Saturday, April 4, 2009

Keyboard Shortcuts

I love keyboard shortcuts. There's no better way to do things quickly than by using a keyboard. If you think about it, using all fingers instead of moving your hand/arm and clicking with one finger must be faster. But first you need to know the shortcuts. Here's a list of some good resources for keyboard shortcuts in various programs:
  1. Windows XP
  2. Windows Vista (Remote Desktop)
  3. Firefox
  4. Microsoft Excel (Others)
  5. Microsoft Outlook
  6. SAS
Here are some of my favorite shortcuts--ones that people don't usually know about. These are based in Microsoft Windows XP.
  1. Alt+Tab for switching programs. Ctrl+Tab for switching tabs in Firefox or other tabbed programs.

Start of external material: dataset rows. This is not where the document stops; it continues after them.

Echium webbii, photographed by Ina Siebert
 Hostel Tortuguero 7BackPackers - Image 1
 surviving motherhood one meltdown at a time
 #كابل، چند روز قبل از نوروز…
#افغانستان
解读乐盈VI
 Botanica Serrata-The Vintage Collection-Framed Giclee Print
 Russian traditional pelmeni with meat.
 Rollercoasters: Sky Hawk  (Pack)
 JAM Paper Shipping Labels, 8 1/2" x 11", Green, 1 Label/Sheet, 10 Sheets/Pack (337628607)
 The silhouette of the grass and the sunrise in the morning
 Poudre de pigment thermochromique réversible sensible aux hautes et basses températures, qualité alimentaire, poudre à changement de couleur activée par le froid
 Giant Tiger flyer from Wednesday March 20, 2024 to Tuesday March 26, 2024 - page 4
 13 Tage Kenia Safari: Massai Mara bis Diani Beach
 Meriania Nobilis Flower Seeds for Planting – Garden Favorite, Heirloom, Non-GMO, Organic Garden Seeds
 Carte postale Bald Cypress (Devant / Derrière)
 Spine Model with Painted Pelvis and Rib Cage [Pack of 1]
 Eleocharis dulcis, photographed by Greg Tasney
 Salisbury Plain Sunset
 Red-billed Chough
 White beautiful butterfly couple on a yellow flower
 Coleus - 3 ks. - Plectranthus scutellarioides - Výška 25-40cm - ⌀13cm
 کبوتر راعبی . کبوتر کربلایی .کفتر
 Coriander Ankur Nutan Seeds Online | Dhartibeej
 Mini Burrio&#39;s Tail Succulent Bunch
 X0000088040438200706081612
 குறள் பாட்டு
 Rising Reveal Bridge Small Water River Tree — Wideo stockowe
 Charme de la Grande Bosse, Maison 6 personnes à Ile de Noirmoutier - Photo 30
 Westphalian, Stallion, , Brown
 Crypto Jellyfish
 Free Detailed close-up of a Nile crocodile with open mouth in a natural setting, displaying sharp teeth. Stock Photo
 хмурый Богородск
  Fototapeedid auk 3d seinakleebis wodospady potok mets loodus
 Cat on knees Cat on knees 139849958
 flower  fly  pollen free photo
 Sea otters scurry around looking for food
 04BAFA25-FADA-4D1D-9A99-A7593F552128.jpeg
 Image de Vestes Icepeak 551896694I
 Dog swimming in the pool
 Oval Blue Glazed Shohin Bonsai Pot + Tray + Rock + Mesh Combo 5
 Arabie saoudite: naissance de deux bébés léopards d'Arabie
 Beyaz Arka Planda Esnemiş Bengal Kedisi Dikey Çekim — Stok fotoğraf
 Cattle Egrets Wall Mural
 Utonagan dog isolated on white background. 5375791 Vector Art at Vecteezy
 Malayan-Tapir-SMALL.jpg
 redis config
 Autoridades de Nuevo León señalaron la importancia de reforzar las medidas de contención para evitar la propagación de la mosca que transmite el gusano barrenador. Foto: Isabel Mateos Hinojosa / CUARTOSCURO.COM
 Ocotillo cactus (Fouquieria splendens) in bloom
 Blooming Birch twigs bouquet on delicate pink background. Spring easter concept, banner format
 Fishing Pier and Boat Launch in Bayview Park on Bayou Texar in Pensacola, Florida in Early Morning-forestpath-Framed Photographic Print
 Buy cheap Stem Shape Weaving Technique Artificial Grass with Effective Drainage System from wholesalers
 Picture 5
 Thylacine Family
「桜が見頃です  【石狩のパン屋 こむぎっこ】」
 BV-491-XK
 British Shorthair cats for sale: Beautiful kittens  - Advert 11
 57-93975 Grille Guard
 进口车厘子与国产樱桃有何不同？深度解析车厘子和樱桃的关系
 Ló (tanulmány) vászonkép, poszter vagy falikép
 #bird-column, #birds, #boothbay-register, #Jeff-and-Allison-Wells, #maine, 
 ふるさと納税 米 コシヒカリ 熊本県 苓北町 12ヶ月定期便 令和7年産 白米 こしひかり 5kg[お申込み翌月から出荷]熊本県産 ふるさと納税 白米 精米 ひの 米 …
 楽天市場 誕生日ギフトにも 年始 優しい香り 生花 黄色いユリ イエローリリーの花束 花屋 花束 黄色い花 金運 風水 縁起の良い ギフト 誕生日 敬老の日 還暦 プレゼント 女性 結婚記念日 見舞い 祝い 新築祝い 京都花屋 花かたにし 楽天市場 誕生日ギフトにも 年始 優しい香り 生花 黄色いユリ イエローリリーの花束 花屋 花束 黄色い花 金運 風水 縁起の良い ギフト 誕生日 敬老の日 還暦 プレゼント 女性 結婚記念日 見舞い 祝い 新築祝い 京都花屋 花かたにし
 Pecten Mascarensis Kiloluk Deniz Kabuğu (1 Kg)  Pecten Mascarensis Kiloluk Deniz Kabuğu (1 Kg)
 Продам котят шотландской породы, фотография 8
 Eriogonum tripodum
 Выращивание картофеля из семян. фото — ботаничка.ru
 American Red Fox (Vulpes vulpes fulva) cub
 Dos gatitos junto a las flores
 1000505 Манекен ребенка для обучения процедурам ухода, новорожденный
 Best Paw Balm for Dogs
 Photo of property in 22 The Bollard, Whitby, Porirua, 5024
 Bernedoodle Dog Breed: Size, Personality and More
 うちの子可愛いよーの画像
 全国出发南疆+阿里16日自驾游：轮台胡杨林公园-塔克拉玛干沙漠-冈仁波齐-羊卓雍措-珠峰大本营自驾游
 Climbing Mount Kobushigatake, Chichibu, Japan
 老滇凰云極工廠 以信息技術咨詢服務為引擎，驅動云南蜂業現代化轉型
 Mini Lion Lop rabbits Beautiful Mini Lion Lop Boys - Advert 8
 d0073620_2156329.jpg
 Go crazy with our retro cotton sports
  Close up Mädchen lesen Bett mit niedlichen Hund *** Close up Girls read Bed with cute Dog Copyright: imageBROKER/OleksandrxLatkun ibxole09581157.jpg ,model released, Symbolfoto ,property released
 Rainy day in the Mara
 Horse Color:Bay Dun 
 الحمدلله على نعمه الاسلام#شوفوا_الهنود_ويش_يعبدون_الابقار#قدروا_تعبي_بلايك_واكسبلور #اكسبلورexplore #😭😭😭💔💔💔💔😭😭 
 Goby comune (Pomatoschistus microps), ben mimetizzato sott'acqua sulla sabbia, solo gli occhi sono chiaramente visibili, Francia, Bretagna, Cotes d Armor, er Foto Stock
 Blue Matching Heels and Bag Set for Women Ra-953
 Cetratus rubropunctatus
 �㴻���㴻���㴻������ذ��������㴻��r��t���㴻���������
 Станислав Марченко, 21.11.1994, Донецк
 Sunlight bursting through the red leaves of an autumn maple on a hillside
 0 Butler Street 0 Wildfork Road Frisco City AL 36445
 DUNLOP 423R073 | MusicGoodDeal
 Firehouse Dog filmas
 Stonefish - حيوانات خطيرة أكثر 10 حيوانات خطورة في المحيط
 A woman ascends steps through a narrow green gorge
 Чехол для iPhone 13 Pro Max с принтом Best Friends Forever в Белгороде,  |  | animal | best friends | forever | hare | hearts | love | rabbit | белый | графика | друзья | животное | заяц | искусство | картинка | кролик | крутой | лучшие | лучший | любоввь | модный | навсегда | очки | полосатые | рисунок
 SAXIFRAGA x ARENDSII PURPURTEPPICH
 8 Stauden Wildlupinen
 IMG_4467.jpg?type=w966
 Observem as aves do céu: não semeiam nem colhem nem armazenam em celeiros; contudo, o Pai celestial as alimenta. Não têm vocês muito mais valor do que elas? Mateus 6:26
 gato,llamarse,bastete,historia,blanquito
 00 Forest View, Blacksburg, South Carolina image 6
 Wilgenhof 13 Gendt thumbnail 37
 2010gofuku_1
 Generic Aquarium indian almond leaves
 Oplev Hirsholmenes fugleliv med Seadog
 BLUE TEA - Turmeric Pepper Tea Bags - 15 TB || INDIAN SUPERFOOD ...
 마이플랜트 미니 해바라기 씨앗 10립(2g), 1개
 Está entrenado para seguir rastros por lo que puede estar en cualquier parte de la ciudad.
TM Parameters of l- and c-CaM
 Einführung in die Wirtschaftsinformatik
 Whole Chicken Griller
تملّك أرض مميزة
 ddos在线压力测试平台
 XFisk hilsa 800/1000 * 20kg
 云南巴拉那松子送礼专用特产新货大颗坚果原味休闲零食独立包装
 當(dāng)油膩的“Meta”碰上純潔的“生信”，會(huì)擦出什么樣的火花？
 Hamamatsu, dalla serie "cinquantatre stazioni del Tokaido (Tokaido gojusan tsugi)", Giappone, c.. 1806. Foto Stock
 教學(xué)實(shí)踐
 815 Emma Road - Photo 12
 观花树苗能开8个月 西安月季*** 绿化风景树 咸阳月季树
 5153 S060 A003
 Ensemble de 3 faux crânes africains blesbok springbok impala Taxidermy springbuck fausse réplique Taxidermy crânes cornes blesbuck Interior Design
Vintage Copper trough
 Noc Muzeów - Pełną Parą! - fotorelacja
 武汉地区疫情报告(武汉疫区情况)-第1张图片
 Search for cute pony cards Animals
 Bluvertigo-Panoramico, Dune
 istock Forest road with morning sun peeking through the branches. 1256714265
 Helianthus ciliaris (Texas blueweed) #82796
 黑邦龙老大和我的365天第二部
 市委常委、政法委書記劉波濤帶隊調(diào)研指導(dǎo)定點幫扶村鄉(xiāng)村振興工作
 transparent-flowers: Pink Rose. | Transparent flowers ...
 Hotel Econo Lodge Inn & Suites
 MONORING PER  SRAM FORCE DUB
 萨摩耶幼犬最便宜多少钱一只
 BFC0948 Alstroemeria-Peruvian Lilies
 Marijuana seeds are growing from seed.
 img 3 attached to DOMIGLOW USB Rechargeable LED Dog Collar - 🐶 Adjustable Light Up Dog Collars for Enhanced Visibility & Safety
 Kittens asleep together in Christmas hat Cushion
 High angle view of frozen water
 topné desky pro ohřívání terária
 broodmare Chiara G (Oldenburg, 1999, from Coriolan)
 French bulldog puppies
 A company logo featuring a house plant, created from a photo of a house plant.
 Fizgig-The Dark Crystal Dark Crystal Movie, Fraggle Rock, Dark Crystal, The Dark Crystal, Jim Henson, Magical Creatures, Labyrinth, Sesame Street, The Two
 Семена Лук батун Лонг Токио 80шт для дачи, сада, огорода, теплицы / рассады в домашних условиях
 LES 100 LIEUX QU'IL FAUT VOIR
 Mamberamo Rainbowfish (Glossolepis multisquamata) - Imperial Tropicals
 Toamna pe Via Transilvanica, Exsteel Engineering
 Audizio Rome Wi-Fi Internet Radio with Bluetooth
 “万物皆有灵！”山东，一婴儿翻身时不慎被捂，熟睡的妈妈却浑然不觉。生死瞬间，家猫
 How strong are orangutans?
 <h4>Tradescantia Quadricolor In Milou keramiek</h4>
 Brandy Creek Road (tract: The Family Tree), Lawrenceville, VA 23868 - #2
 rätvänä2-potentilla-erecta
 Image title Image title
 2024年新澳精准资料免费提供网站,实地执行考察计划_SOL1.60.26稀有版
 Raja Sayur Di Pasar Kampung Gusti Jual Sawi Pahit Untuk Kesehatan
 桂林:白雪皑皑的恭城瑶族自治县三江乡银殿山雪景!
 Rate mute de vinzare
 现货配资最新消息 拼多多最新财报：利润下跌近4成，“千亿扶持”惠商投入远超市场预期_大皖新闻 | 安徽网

Alt+Page Up or Page Down is incredibly useful on remote desktops for switching between programs just like Alt+Tab.
  2. Ctrl+Shift+Esc brings up Windows Task Manager. Similarly, Windows+Break brings up the System Properties. The usual Windows combinations are good, too, especially Windows+L, which locks the computer, Windows+D, which shows the desktop, and Windows+E, which opens Explorer.
  3. Alt+F4 terminates a program. In some programs Ctrl+F4 terminates a window, submenu, or other child program within a program. I like to use that in SAS quite a bit. Ctrl+Shift+T opens a new tab in Firefox, and Ctrl+W closes tabs in Firefox.
  4. Keyboard shortcuts can be assigned to shortcut icons. At home and work, I use the Ctrl+Alt+Shift combination for typical programs. I usually assign Ctrl+Alt+Shift+W for Microsoft Word, Ctrl+Alt+Shift+X for Excel, Ctrl+Alt+Shift+N for Notepad, and Ctrl+Alt+Shift+C for Calculator.
  5. At work, I use the Ctrl+Alt combination for connecting to various programs that allow me access to something, for example, Ctrl+Alt+S for connecting to SAS, Ctrl+Alt+R for connecting to remote desktops, and Ctrl+Alt+Q for Rapid SQL.
  6. In Excel, Ctrl+; enters the current date and Ctrl+: enters the current time. Ctrl+" copies the cell above to the selected cell and Ctrl+' copies a formula in the same manner. Alt+Enter inserts a line break within a cell, allowing the user to break text across more than one line. Ctrl+Home, Ctrl+End, Ctrl+Page Up, and Ctrl+Page Down are useful navigational keyboard shortcuts in Excel, too. Try them out!
  7. In Microsoft Office, Ctrl+K creates a hyperlink on the selected text.
  8. In Microsoft Outlook, Ctrl+D deletes highlighted or currently viewed mail. Ctrl+Shift+V brings up a menu to move currently highlighted/viewed mail to a folder. Alt+F4, like above, terminates the current open message (I thought Ctrl+F4 would make more sense).
  9. In SAS, the best one to know is F9. Then you can read about all of them! Otherwise, F8 for submitting programs, F6 for viewing the log, F7 for viewing output, and F5 for viewing programs. Keep pressing F5 to toggle between multiple programs.
  10. If the Language Bar toolbar is on in Windows, don't hit Alt+Shift. It switches the language! That one gets me all the time, since my wife uses Chinese on our computer on occasion. And for some reason I bump it quite often.
That's about all I can think of right now. I like learning new keyboard shortcuts, and I know there are a lot more to learn. What are your favorites?

1 comment:

  1. We wouldn't want complicated tasks, of course. We will always find ways to simplify things. Using keyboard shortcuts is such a help. I always use alt+tab to switch from one program to another. With my job, shortcuts are really useful, they make my reports easier to get done. With articles on different programs, MS word on one and another one for excel, using shortcuts makes it easier for me to finish my research or report.